# Teaching my Kid the Proper Way to Play Pattycake (Wing Chun)



## HW1 (Dec 5, 2016)

As with every skill, the fastest way to learn is to turn it into play. Make it fun and they will absorb the knowledge faster than using traditional forms of teaching.


----------



## tomatokilla (Dec 5, 2016)

Awesome, I need to work on that with my kids!


----------



## frank raud (Dec 5, 2016)

Nice! My kids never like it when I throw them. Maybe I need to learn a more family friendly art.


----------



## Bino TWT (Aug 14, 2017)

Awesome vid!


----------



## Gerry Seymour (Aug 14, 2017)

HW1 said:


> As with every skill, the fastest way to learn is to turn it into play. Make it fun and they will absorb the knowledge faster than using traditional forms of teaching.


I'm an outsider to WC, so I'm a bit in the dark here.

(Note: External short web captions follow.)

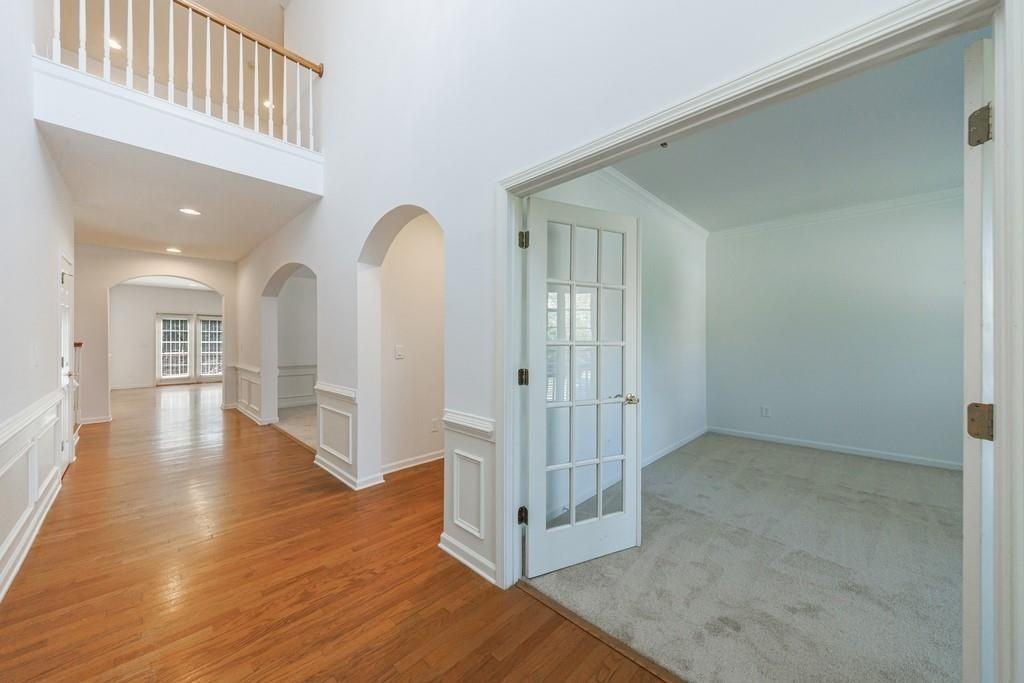 279 Collins View Ct - Photo 7 of 50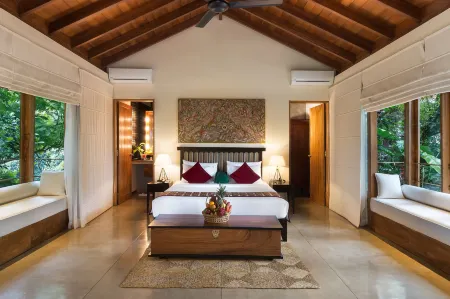 Kings Pavilion Luxury Hotel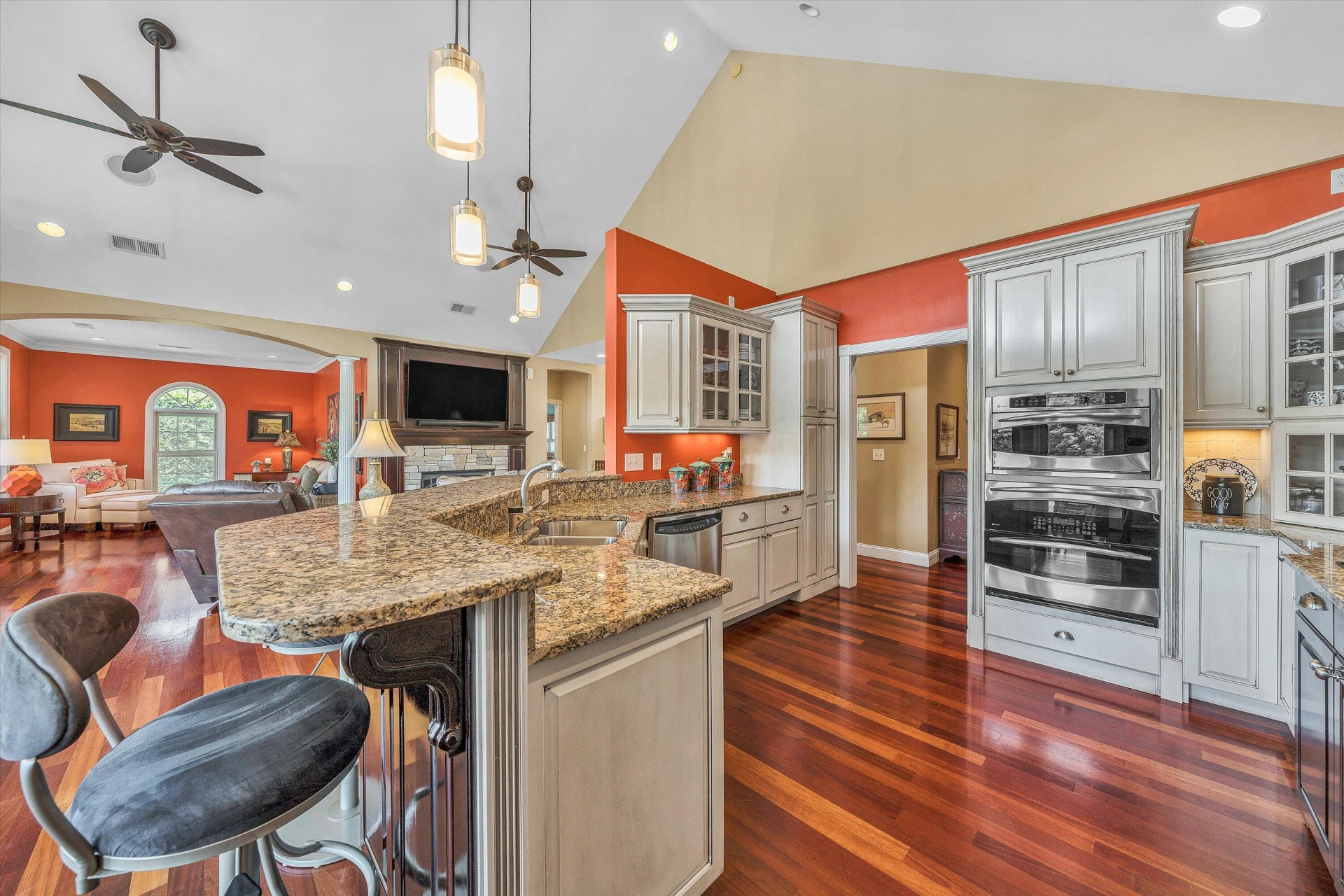 325 BULL RUN TRL - Photo 16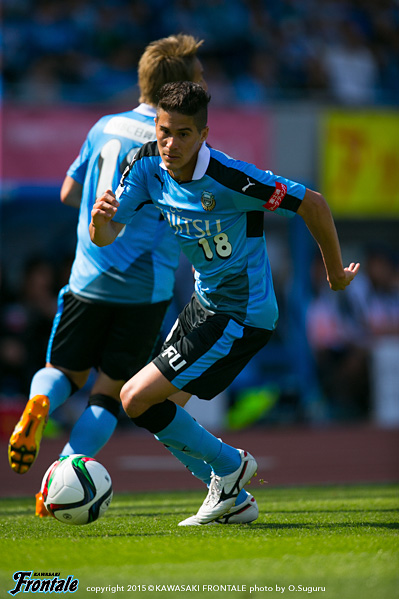 DF18/エウシーニョ選手 DF18/エウシーニョ選手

How is that more "play" than "traditional forms of teaching"?


----------



## HW1 (Aug 14, 2017)

gpseymour said:


> I'm an outsider to WC, so I'm a bit in the dark here. How is that more "play" than "traditional forms of teaching"?


It's how I introduce concepts and techniques to her. I present it as a game or a challenge as in "Can you copy what I do?" or "I wanna see how fast you can trap my arms and get me." No pressure to learn anything, just have fun. Achievements and improvements receive praise and mistakes are celebrated (as in the end of the video where you accidentally gave me a high-five.) That's it. Like a video game, if you mess up, start from your last checkpoint.


----------



## Gerry Seymour (Aug 14, 2017)

HW1 said:


> It's how I introduce concepts and techniques to her. I present it as a game or a challenge as in "Can you copy what I do?" or "I wanna see how fast you can trap my arms and get me." No pressure to learn anything, just have fun. Achievements and improvements receive praise and mistakes are celebrated (as in the end of the video where you accidentally gave me a high-five.) That's it. Like a video game, if you mess up, start from your last checkpoint.


That's not far outside some of my training experiences, in how TMA often teach kids, and (with a bit less "game" to it) how many teach adults, too. Copy what I do, now try this thing and let's get it faster. Good training tools.


----------